Introduction
Tuberculosis, caused by Mycobacterium tuberculosis, is a respiratory infection still prevalent throughout the world. During the last decade, the emergence of multi-drug resistant strains of M. tuberculosis has given rise to the need for the development of new antibiotics in order to combat the infection. In order to develop an efficacious antibiotic, the drug must be able to target a unique aspect of the bacteria, such as a protein, that is critical for its full virulence and survival. MgtC, an integral protein embedded in the extracellular membrane of M. tuberculosis, has recently been hypothesized as a novel drug target to resolve tuberculosis infections. The targeting of MgtC was a result of observing that upon deletion of the protein from M. tuberculosis, the bacteria are no longer able to survive.
Structure
Based on its tertiary structure, this protein has been placed into a larger group of proteins known as the MgtC superfamily. The overall structure of MgtC is constituted by two domains: an N-terminal domain and a C-terminal domain. Each of these domains have striking similarities and differences with other MgtC-like proteins.
N-terminal Domain
The N-terminal domain of MgtC is highly-conserved between orthologues of the MgtC super family. This domain is largely hydrophobic and serves as the main component of MgtC that allows its embedment in the extracellular membrane. While this domain is highly conserved amongst orthologues, a crystal structure is not yet available.
C-terminal Domain
This domain of MgtC, in contrast, is highly variable in comparison to several orthologues, as presented by Yang et al. While the N-terminal domain is largely hydrophobic, this domain is relatively hydrophilic and soluble.

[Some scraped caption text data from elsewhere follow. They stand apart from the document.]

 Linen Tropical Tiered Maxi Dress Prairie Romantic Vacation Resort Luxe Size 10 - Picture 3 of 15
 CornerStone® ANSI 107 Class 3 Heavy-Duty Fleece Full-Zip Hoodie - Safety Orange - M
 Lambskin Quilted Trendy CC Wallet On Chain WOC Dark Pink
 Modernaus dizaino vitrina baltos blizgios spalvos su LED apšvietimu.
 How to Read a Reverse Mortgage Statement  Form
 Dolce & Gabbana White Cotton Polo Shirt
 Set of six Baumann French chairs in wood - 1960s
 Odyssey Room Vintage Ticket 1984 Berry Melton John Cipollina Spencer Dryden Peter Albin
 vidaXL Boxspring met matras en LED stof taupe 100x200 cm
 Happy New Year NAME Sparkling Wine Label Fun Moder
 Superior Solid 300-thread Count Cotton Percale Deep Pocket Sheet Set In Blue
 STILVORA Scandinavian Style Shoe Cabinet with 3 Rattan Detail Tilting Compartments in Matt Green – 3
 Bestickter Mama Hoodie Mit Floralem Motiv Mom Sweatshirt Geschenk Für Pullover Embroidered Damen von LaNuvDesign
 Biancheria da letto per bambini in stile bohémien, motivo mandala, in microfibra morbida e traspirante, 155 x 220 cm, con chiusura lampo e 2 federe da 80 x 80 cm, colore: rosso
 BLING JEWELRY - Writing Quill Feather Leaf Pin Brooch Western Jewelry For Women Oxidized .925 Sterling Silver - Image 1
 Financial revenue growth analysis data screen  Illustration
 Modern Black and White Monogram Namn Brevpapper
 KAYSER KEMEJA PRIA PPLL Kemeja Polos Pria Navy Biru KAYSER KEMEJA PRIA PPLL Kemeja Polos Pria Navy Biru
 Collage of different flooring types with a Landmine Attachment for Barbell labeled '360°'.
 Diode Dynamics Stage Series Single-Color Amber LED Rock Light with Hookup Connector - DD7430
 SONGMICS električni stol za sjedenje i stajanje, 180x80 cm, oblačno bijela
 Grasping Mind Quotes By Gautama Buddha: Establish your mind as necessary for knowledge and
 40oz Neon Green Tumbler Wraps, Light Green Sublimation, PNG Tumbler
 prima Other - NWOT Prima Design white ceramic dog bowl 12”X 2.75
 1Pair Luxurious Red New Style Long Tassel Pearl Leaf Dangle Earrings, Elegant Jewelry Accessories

Additionally, there is a crystal structure available for this domain. When comparing the crystal structure of the C-terminal domain to other protein structures, there are striking similarities between this domain and a class of proteins known as ACT domains.
Function
Collectively, because there is not a crystal structure available for the entire protein and the high variability of the C-terminal domain, it has been difficult to characterize the biochemical function performed by MgtC within M. tuberculosis. Several roles have been proposed, including magnesium uptake, the binding of amino acids, and chelation.
Magnesium Transport
A role for MgtC as a magnesium transporter has been debated since its discovery. Several publications have produced data indicating that this protein is critical for the uptake of magnesium in magnesium-deprived medium, while other literature has shown that this protein plays an insignificant role in this process.
Support for a role in magnesium transport is supported by: 1) Mutants of MgtC are unable to survive in low-magnesium environment; 2) Expression of the gene encoding for MgtC is highly-induced in low magnesium environment; 3) Genes adjacent to the MgtC gene encode for known magnesium transporters. Very recent evidence against MgtC playing a role in magnesium transport showed that RT-PCR experiments gave consistent levels of MgtC expression despite changes in the concentration of extracellular magnesium.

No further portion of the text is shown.